ConfigServer Security & Firewall - csf - edit /etc/csf/csf.deny

qba82

Verified User
Joined
Jun 26, 2018
Messages
50
Hi guys,
recently I can't edit /etc/csf/csf.deny through DA csf plugin, few days ago it was all fine, after I click "Change" it was saving file, and saying I need restart csf+lfd. Now it drop me to the main page of csf plugin and doesn't save file, I must edit it in ssh. I checked permissions, owners, it is all fine, I can also edit /etc/csf/csf.allow.

I have more then 700 lines in /etc/csf/csf.deny.
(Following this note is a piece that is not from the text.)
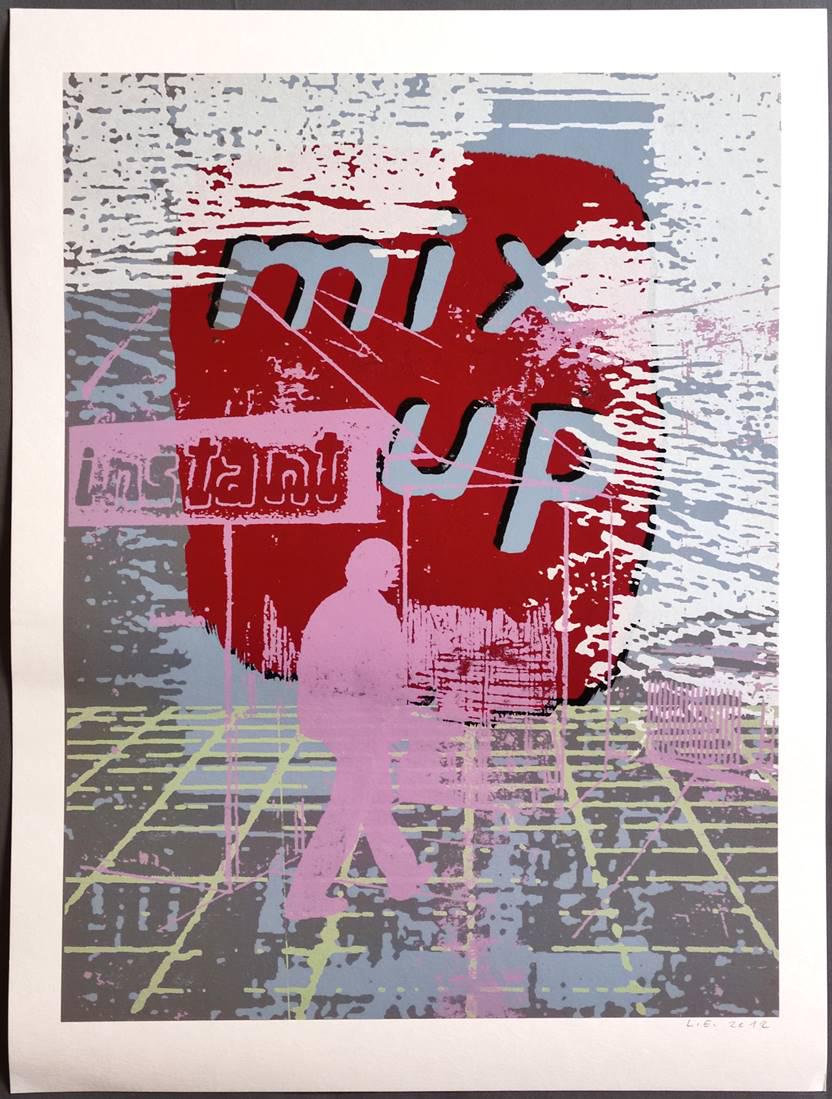 Estermann, Lorenz (1968 Linz) "mix up", silkscreen, monogrammed lower right: Estermann, Lorenz (1968 Linz) "mix up", silkscreen, monogrammed lower right and dated 2012, paper quality: 250 gsm Fedrigoni, Old Mill bianco, 64,5x48cm (sheet) Estermann, Lorenz (1968 Linz) "mix up",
What might cause a problem?
 

Awd

Verified User
Joined
Aug 9, 2015
Messages
316
Did you limit the number of IP's kept in the /etc/csf/csf.deny file?
 

Richard G

Verified User
Joined
Jul 6, 2008
Messages
5,021
Location
Maastricht
Where did you get that idea?
You can set a limit yourself in csf.conf and can even choose 0 for unlimited.
However that would not be wise as many rules would eat up your resources.

It's better to have less lines, for example 1500 and then don't block forever but a couple of days.

However, this issue has nothing to do with your limits.
I just tested to have a look and I have the same issue so it's reproducable. I can edit the files, but on clicking save, they don't save.
I didn't see that before because I never use this, I always edit via SSH.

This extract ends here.